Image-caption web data
────────────────
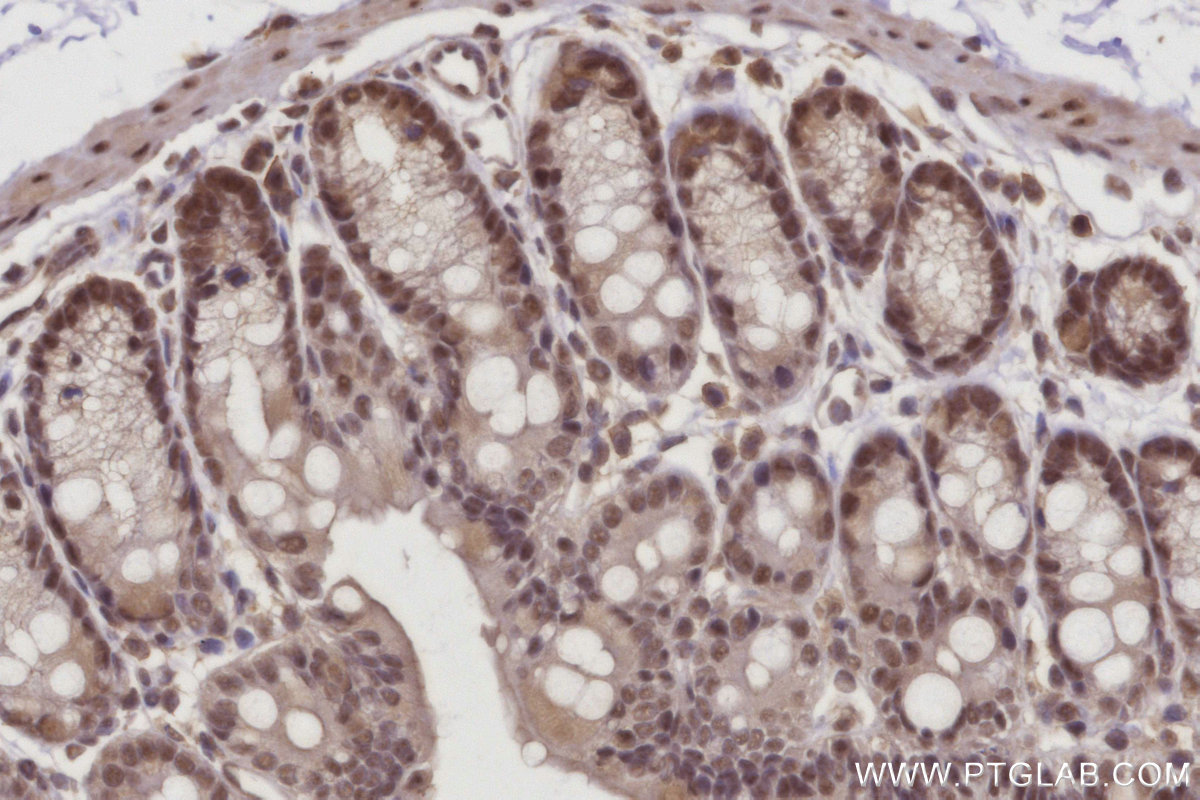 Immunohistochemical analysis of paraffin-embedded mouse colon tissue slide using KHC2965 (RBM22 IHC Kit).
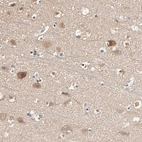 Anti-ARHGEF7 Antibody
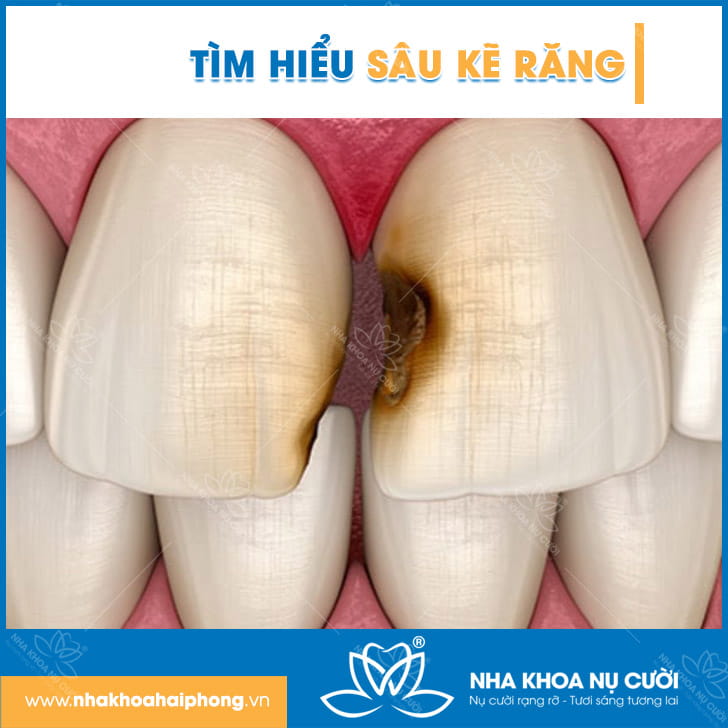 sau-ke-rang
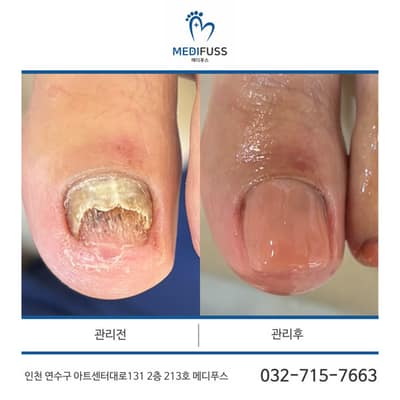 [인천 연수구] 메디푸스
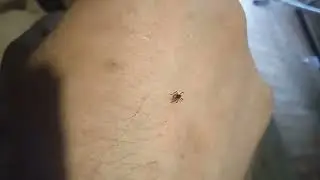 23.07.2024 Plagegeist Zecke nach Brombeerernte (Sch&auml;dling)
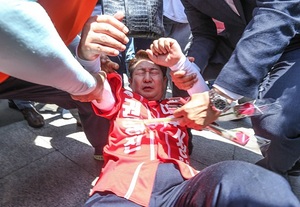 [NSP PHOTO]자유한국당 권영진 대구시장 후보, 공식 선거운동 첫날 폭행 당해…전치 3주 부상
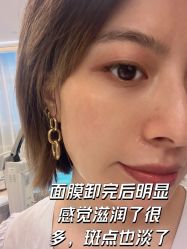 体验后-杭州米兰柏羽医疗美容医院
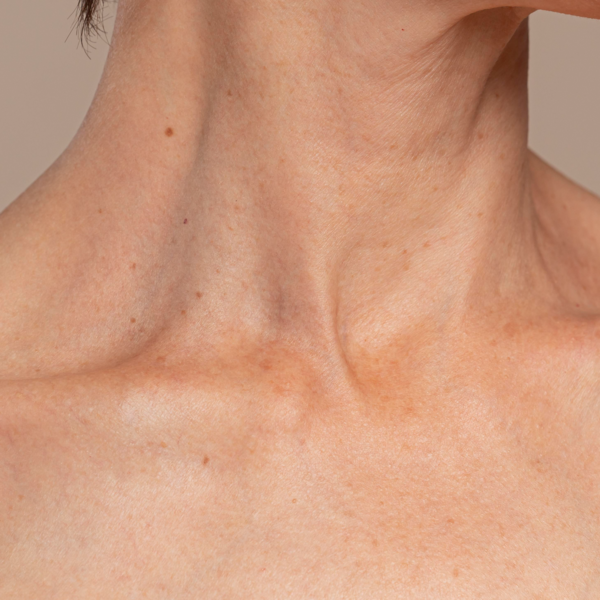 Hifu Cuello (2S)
────────────────
WHAT THIS TASK INVOLVES
Would you copy out every entry above word for word, without the pictures?

THE COMPLETED TASK
 Immunohistochemical analysis of paraffin-embedded mouse colon tissue slide using KHC2965 (RBM22 IHC Kit).
 Anti-ARHGEF7 Antibody
 sau-ke-rang
 [인천 연수구] 메디푸스
 23.07.2024 Plagegeist Zecke nach Brombeerernte (Sch&auml;dling)
 [NSP PHOTO]자유한국당 권영진 대구시장 후보, 공식 선거운동 첫날 폭행 당해…전치 3주 부상
 体验后-杭州米兰柏羽医疗美容医院
 Hifu Cuello (2S)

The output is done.